• [Work to be completed] Set down each line of the records once more, precisely, and omit the pictures.

• [Provided data]
--*--

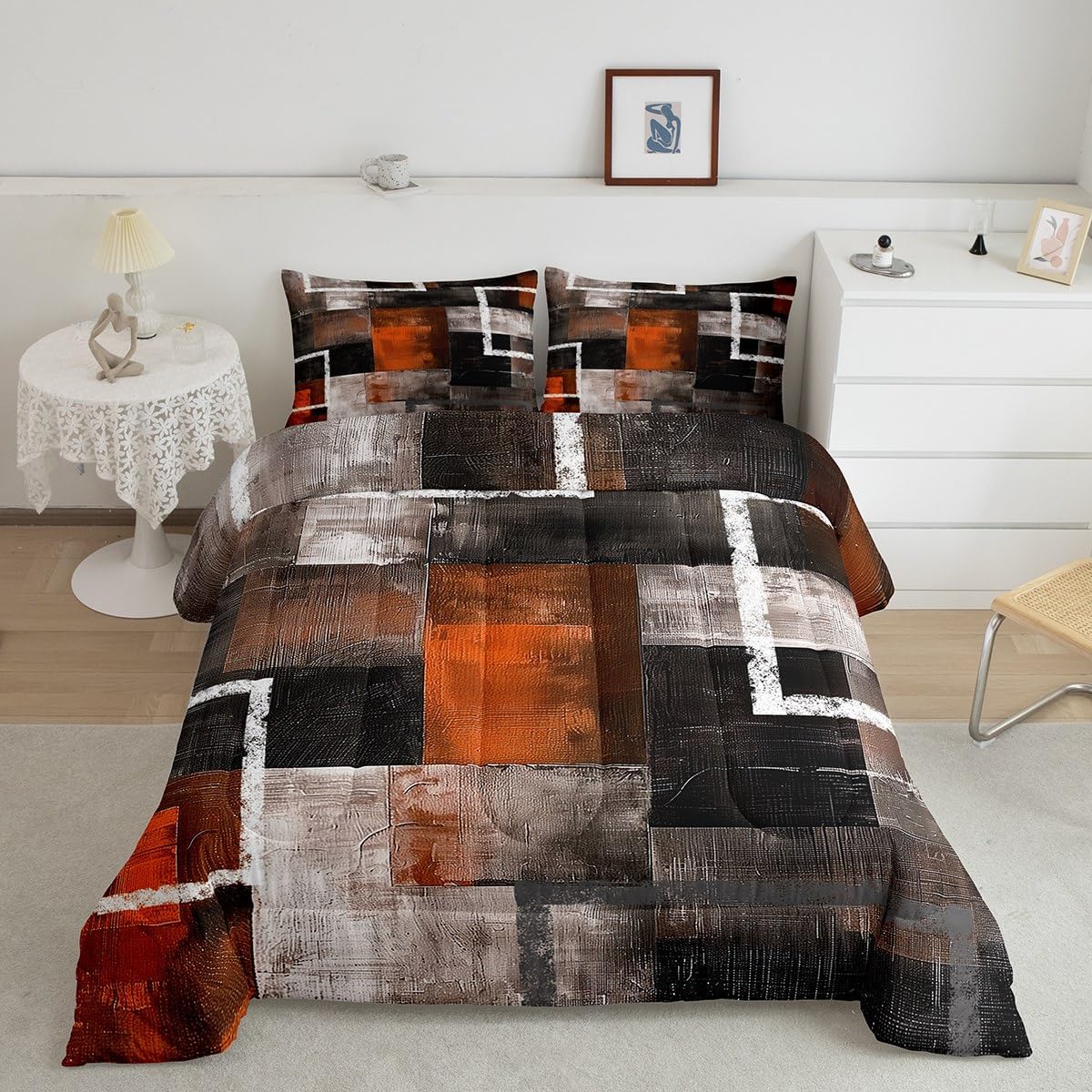 Erosebridal Burnt Orange Comforter Abstract Oil Painting Queen Size Bedding Set Modern Geometric Watercolor Patchwork Comforter Set for Teen Adults,Abstract Graffiti Art Quilt - Image 5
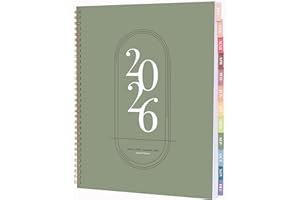 RILEYS & CO Rileys 2026 Planner, Agenda Planner With Weekly And Monthly View, Daily Agenda Book And Yearly Planners Calendar Book, Spiral Bound With Tabs, Notes, Goals And Holidays (Green, 8.5 x 11 in)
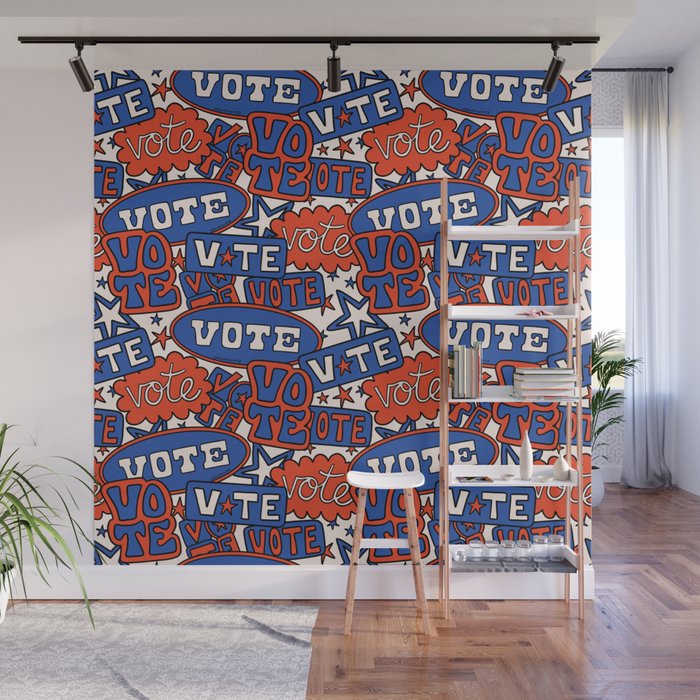 Vote Print in Red, White, and Blue Wall Mural Gallery Image 1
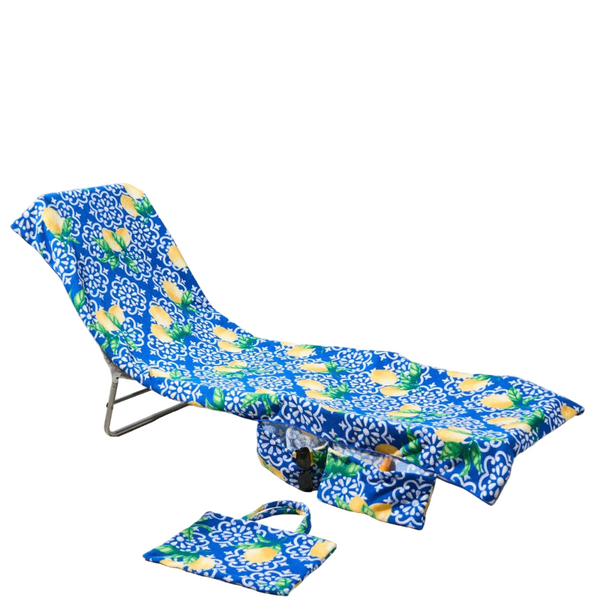2 In 1 Microfiber Sun Lounger Towel & Portable Tote Bag Sand Free Quick Dry Beach Chair Cover With Side Pockets (St001 / 75X211cm) Towels & Washcloths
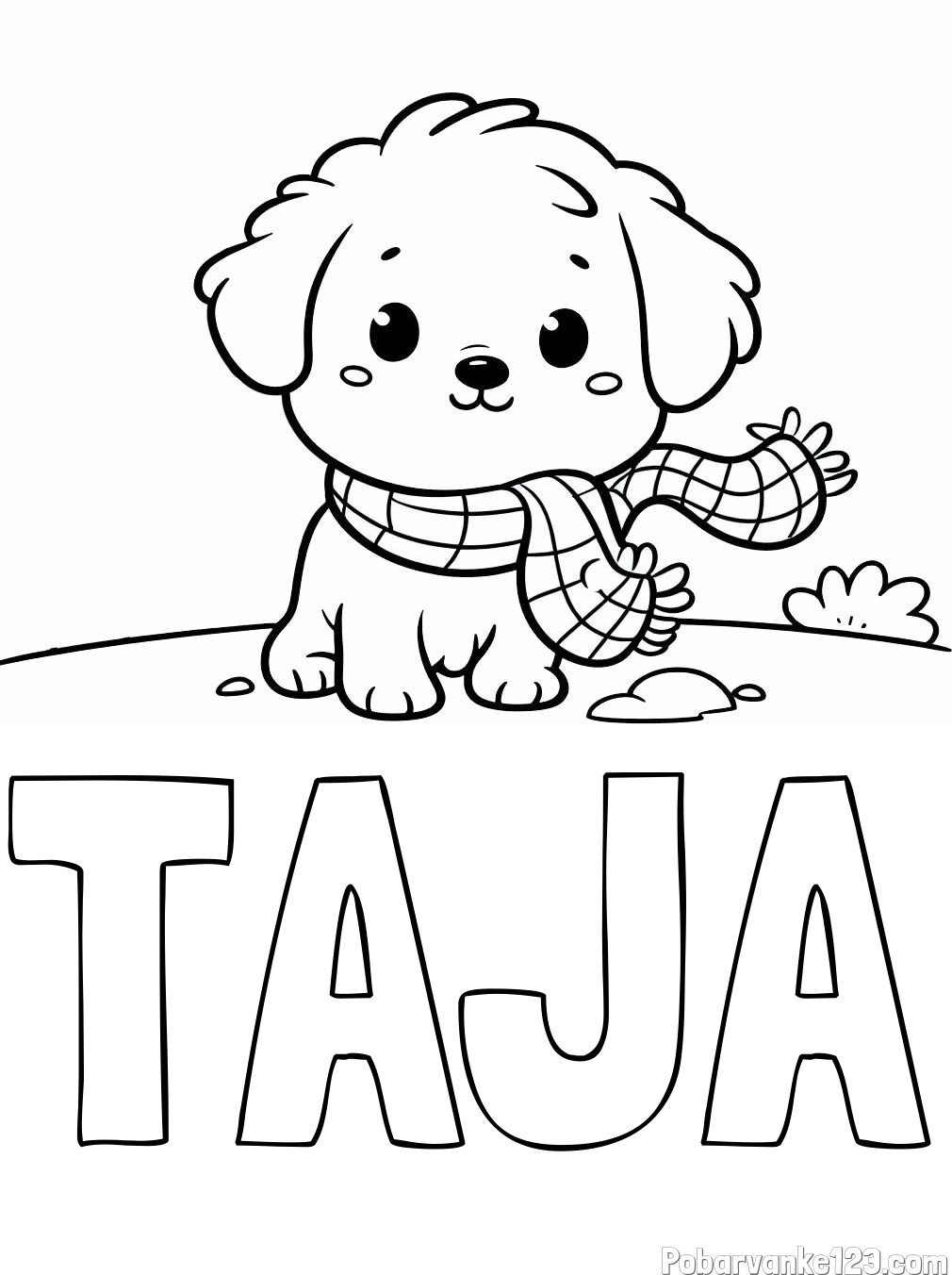 Pobarvanka imena TAJA in pobarvanka prikupnega psička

--*--

• [Output for this exercise]
 Erosebridal Burnt Orange Comforter Abstract Oil Painting Queen Size Bedding Set Modern Geometric Watercolor Patchwork Comforter Set for Teen Adults,Abstract Graffiti Art Quilt - Image 5
 RILEYS & CO Rileys 2026 Planner, Agenda Planner With Weekly And Monthly View, Daily Agenda Book And Yearly Planners Calendar Book, Spiral Bound With Tabs, Notes, Goals And Holidays (Green, 8.5 x 11 in)
 Vote Print in Red, White, and Blue Wall Mural Gallery Image 1
2 In 1 Microfiber Sun Lounger Towel & Portable Tote Bag Sand Free Quick Dry Beach Chair Cover With Side Pockets (St001 / 75X211cm) Towels & Washcloths
 Pobarvanka imena TAJA in pobarvanka prikupnega psička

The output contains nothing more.